* [What you are asked to do]:
Could you output each line below exactly as it appears, excluding any pictures?

* [Given data]:
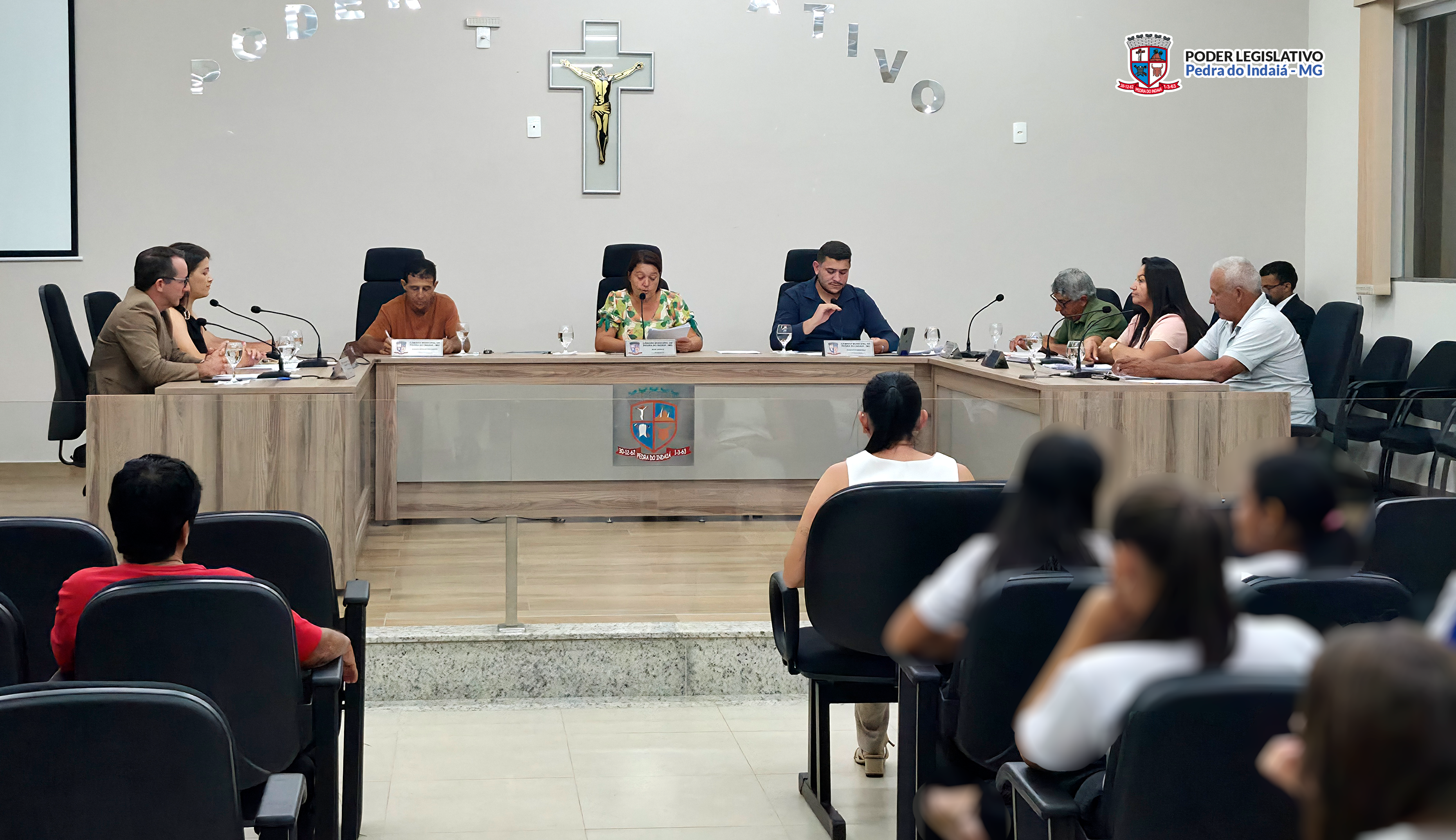 Câmara Municipal de Pedra do Indaiá realiza 4ª Reunião Ordinária de 2026 com aprovação de projetos, indicações e rejeição de requerimento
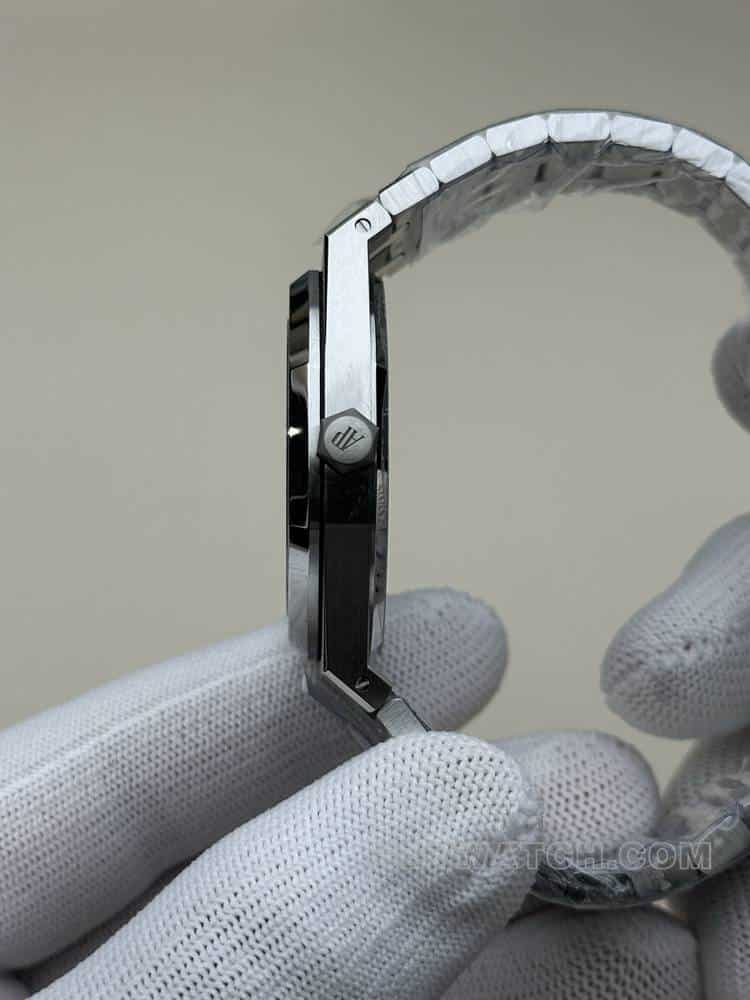 THBAudemars PiguetRoyal Oak1:1super dark gray hollow plate steel bracelet model 15407side live photo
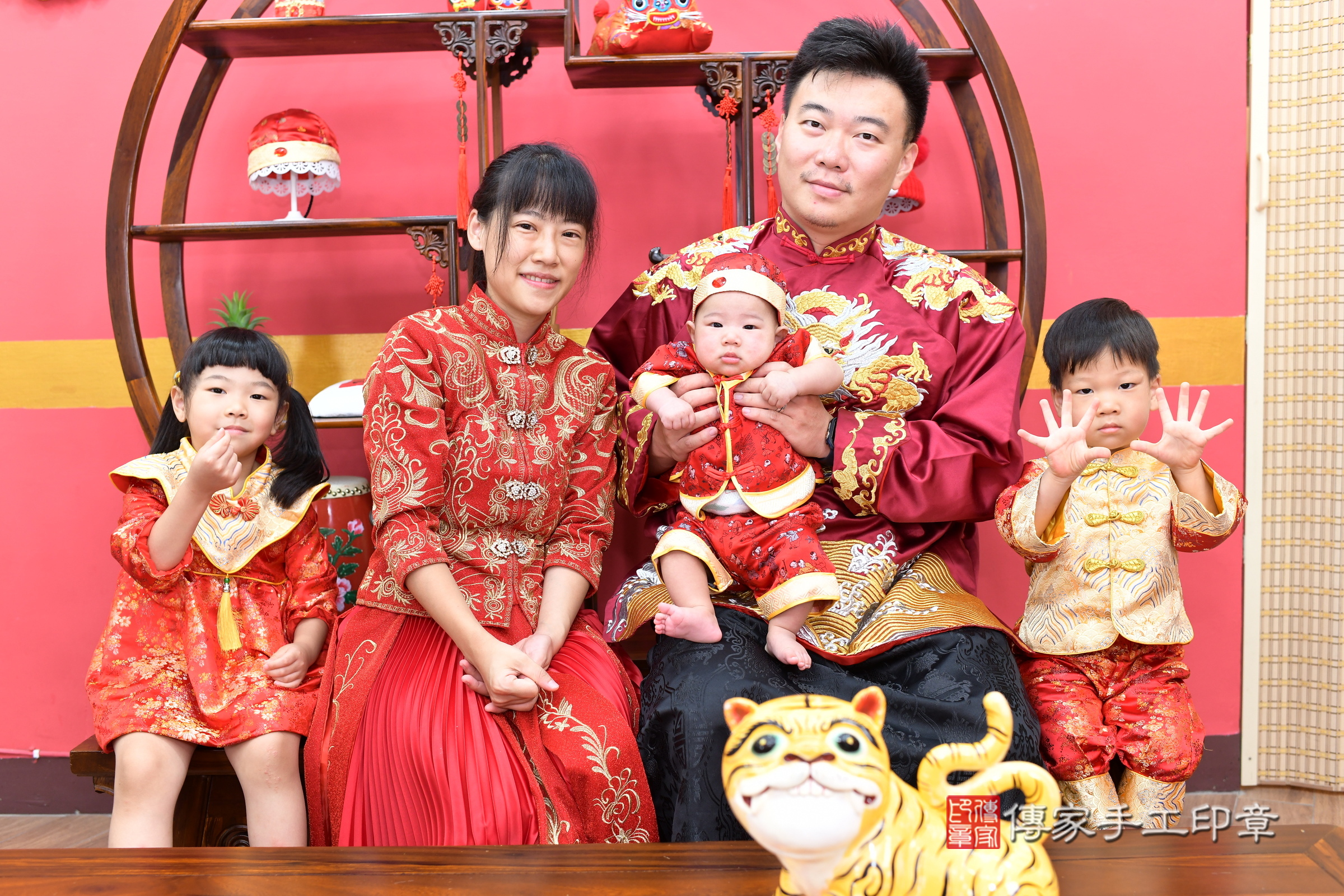 2025-06-23小辰寶寶收涎，成人與小孩古裝禮服照。地點：傳家「新北店」古禮會場照片集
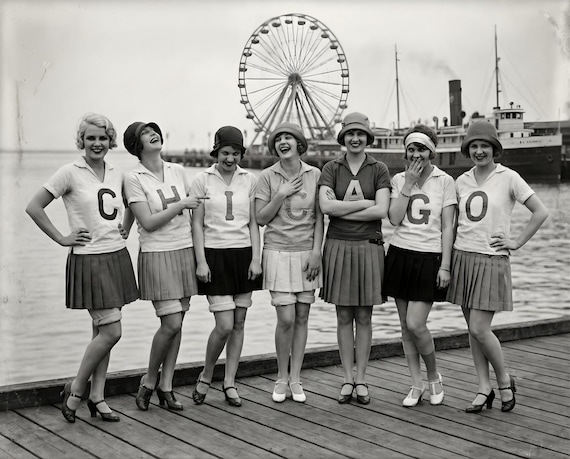 Chicago Wall Art : Vintage Navy Pier Print - Flapper Girls Gift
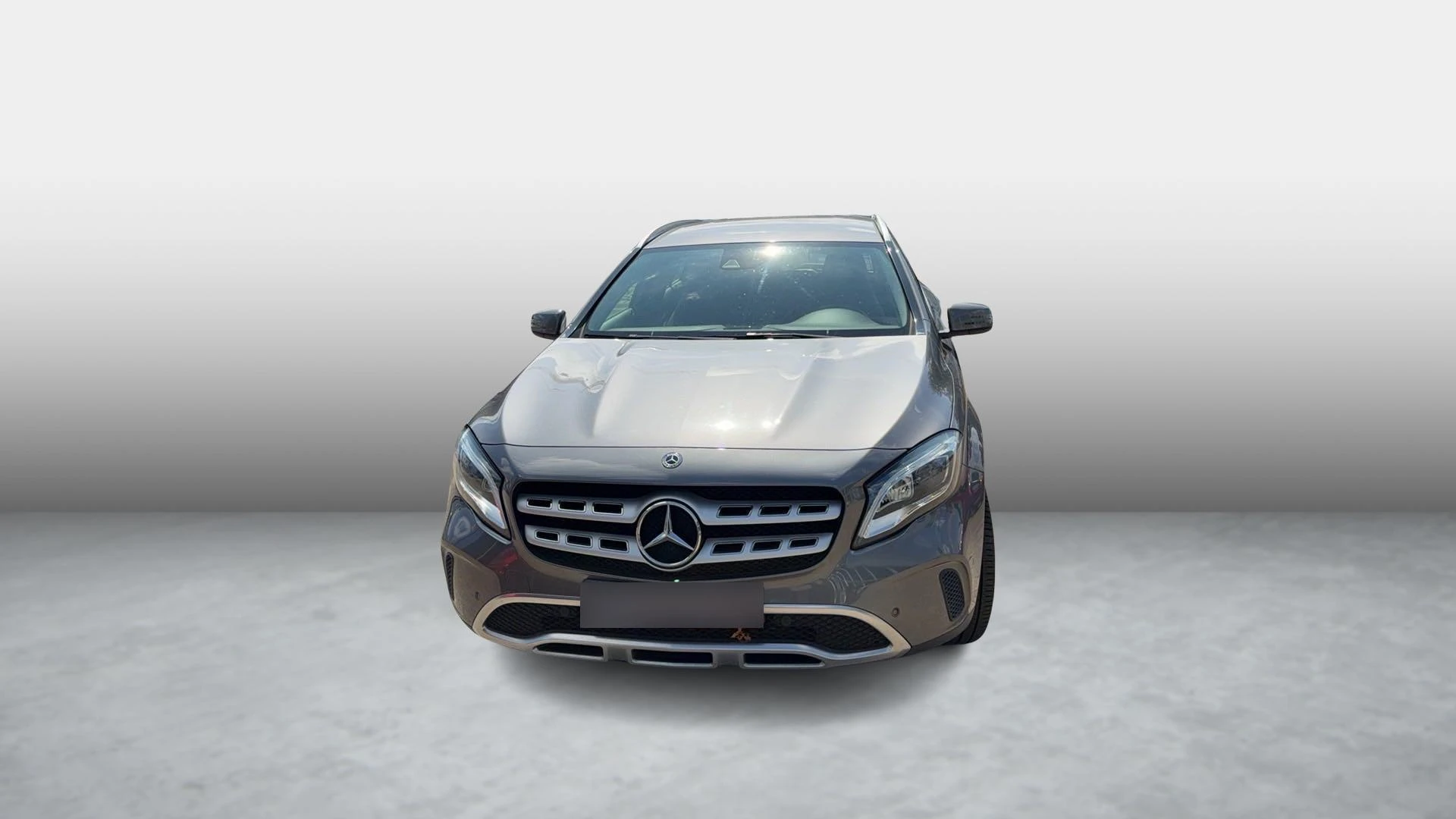 Mercedes-Benz-GLA-image-5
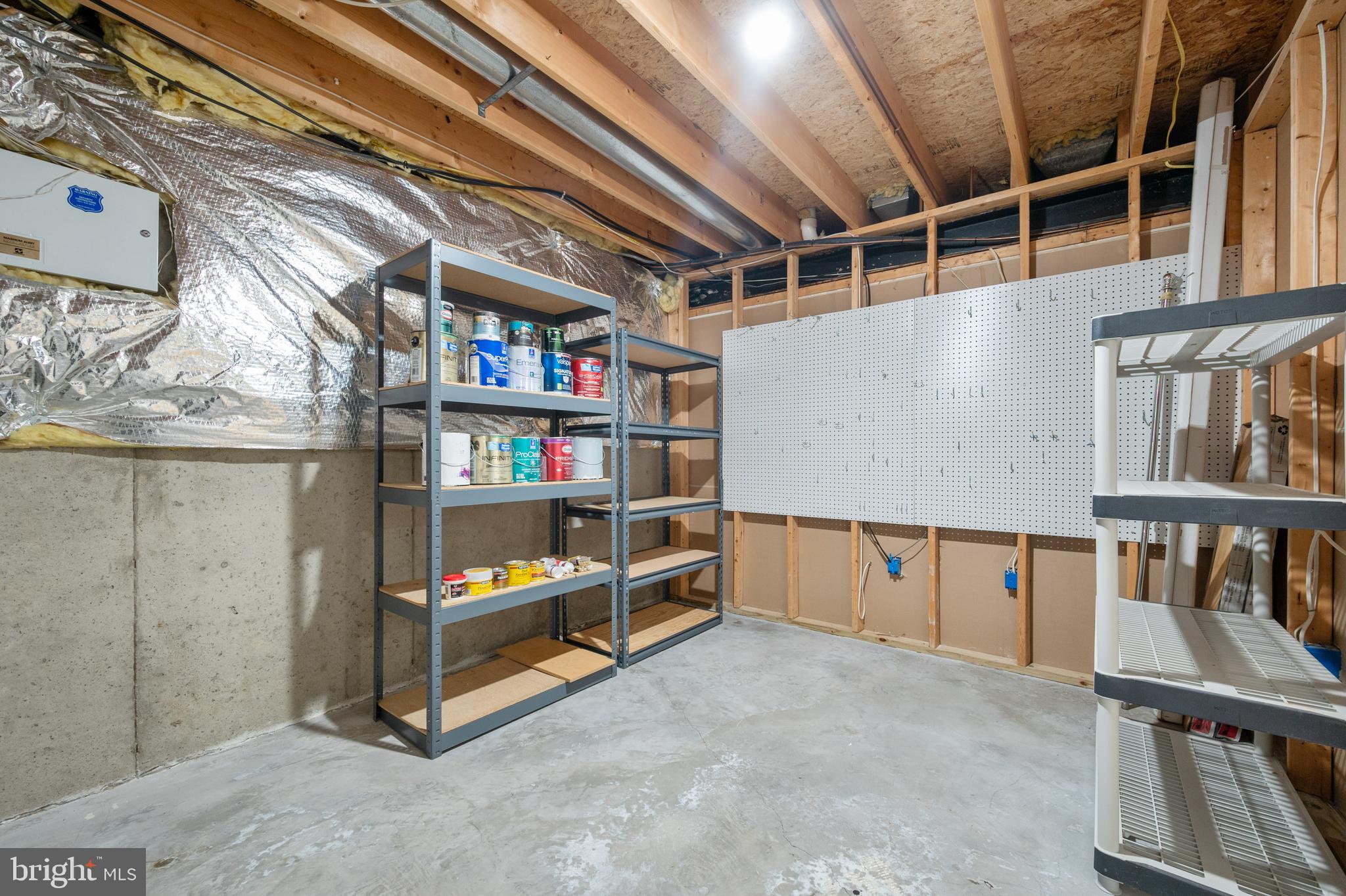 6017 WOODLAKE LANE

* [Output for this exercise]:
 Câmara Municipal de Pedra do Indaiá realiza 4ª Reunião Ordinária de 2026 com aprovação de projetos, indicações e rejeição de requerimento
 THBAudemars PiguetRoyal Oak1:1super dark gray hollow plate steel bracelet model 15407side live photo
 2025-06-23小辰寶寶收涎，成人與小孩古裝禮服照。地點：傳家「新北店」古禮會場照片集
 Chicago Wall Art : Vintage Navy Pier Print - Flapper Girls Gift
 Mercedes-Benz-GLA-image-5
 6017 WOODLAKE LANE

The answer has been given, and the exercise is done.